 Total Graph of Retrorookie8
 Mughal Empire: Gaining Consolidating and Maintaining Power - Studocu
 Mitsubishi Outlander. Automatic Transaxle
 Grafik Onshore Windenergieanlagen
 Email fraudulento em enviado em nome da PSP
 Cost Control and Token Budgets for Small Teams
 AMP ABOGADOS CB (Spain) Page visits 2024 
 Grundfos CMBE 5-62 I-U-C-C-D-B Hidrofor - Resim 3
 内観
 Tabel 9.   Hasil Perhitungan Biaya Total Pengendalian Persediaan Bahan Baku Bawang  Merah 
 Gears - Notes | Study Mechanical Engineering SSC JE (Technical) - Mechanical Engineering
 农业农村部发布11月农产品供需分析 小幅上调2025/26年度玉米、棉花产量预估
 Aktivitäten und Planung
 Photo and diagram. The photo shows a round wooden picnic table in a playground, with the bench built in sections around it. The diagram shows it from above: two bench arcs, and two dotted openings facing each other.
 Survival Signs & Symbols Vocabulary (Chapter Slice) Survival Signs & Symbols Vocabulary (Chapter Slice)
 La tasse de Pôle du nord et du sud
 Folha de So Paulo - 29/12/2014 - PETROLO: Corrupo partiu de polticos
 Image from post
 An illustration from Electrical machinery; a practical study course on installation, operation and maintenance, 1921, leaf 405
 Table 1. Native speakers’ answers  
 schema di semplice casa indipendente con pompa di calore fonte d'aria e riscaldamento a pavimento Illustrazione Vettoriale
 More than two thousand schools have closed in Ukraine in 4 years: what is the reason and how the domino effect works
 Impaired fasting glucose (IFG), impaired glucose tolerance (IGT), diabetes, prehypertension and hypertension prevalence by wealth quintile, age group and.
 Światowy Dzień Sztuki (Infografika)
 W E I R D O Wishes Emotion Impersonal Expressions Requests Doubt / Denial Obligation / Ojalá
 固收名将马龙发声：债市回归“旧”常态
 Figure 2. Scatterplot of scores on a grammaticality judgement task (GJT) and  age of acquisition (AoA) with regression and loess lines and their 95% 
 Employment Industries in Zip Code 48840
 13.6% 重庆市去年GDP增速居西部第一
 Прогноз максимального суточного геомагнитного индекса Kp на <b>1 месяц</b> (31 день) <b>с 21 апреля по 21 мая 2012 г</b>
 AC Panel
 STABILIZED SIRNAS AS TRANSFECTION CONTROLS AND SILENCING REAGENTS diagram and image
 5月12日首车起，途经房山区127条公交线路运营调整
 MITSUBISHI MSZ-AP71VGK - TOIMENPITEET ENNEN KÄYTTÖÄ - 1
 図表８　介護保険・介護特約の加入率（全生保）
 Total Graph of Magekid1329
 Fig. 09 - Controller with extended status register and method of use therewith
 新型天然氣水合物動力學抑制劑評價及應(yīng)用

▶ WHAT NEEDS TO BE DONE
The answer must consist of every line from the entries that holds the string "Graph".

▶ EXERCISE RESULT
 Total Graph of Retrorookie8
 Total Graph of Magekid1329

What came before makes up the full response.